L’exécution capitale conserve durablement une dimension sacrée. Les théologiens n’étaient en effet pas contre la peine capitale malgré la maxime Ecclesia non sitit sanguinem (« L’Église n’aime pas le sang »). Et, du reste, tout le christianisme repose sur l’idée du jugement. Pour autant, selon l’auteur, l’exécution n’est pas une offrande à Dieu ou un sacrifice (sans doute en partage-t-elle les formes, et notamment la ritualisation de la violence). Le criminel n’est ni saint ni martyr, et l’exécution est surtout une « technique de persuasion et de communication » aux mains des autorités. Les dernières paroles du condamné continuent de jouer un rôle important. Dans la culture catholique, ses larmes pouvaient être considérées comme une preuve de la grâce divine, tel le sang du Christ, capable de suppléer à l’eucharistie. Et dans la culture protestante de la prédestination, les derniers instants devaient être consacrés au combat contre Satan.

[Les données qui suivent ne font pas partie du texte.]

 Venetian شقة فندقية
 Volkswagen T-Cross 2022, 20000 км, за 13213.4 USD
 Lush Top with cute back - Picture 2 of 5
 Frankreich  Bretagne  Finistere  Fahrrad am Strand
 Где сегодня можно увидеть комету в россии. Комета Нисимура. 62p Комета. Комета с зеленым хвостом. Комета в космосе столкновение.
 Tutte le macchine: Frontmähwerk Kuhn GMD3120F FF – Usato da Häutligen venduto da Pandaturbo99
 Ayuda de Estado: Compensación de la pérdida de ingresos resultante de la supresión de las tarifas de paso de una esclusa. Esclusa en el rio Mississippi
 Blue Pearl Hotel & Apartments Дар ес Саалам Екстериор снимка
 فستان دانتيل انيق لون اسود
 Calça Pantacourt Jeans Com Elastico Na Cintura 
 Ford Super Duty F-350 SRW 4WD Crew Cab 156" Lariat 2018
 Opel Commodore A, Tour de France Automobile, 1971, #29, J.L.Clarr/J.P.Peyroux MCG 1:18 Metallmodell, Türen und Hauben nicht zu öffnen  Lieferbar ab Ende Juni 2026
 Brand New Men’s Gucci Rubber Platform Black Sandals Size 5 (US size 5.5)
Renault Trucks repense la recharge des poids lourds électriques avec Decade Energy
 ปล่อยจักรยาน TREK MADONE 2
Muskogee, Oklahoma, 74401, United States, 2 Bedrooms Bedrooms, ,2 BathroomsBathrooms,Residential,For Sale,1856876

Cette différence de conception se retrouve également dans le rapport à l’exécuteur. À Paris, il est lié à la sacralité du pouvoir des juges, tandis qu’à Londres il est un simple délégué du shérif. Pascal Bastien fait l’hypothèse que jusqu’au XIIIe siècle la fonction ait pu être assumée à Paris par le roy des ribauds, un étrange officier de la maison du roi qui avait juridiction sur les prostituées, les maisons de jeu, ou encore les déplacements des lépreux. Ce n’est qu’avec le développement des villes et la centralisation du pouvoir qu’on voit apparaître un bourreau professionnel. Celui-ci sera progressivement frappé d’infamie. Une infamie populaire plus que légale, car il pouvait témoigner en justice, rendre plainte, faire un testament, ce qu’un condamné à une véritable peine infamante ne pouvait faire. Mais en pratique, il y a des réticences à partager le même banc que l’exécuteur à l’église, à acheter le pain d’une même corbeille, et à Paris on le faisait résider dans l’instrument même du supplice, la maison du pilori des Halles. Cette ignominie est sans doute liée au fait que certains bourreaux se recrutèrent au départ parmi les condamnés à mort. Si l’exécuteur parisien bénéficie de quelques droits exorbitants, comme celui dit de havage, lui permettant de prélever chez les marchands une certaine quantité de denrées en nature (Turgot le supprimera en 1775), il reste un paria. C’est ce qui explique probablement la formation de dynasties de bourreaux, avec notamment Charles Sanson qui prend la charge en 1688 et la transmettra sans interruption à sa descendance jusqu’en 1847. Pas d’endogamie du même ordre à Londres, où l’exécuteur ne fait l’objet d’aucune ignominie particulière. Il est cependant moins riche que son homologue parisien, doit exercer un autre métier à côté, voire ne garder que celui-là lorsqu’il est destitué de sa charge, et apparaît comme une figure de la vie urbaine.
La ville et la mort
Pascal Bastien restitue en détail la place qu’occupe le spectacle de la peine de mort dans les deux capitales, à commencer par la géographie macabre. Le pont de Londres a ainsi été longtemps hérissé de têtes de criminels. Avant 1783, les supplices variés (bûcher, écartèlement, ou décapitation à la hache pour la noblesse) ont lieu à l’écart de la ville, à Tyburn, où se tient un gibet à trois branches érigé au XVIe siècle. Ils se déplaceront ensuite devant la prison de Newgate, en face de la cour criminelle d’Old Bailey. À Paris, un arrêt du Parlement de 1633 défend d’exécuter les condamnés à mort ailleurs qu’en place publique. On compte plusieurs petits gibets disséminés dans la ville, mais le plus important reste celui de Montfaucon, avec ses seize piliers de pierre. Il ne sera plus en usage à partir de la seconde moitié du XVIIe siècle, mais aura durablement marqué l’imaginaire mortifère de la ville.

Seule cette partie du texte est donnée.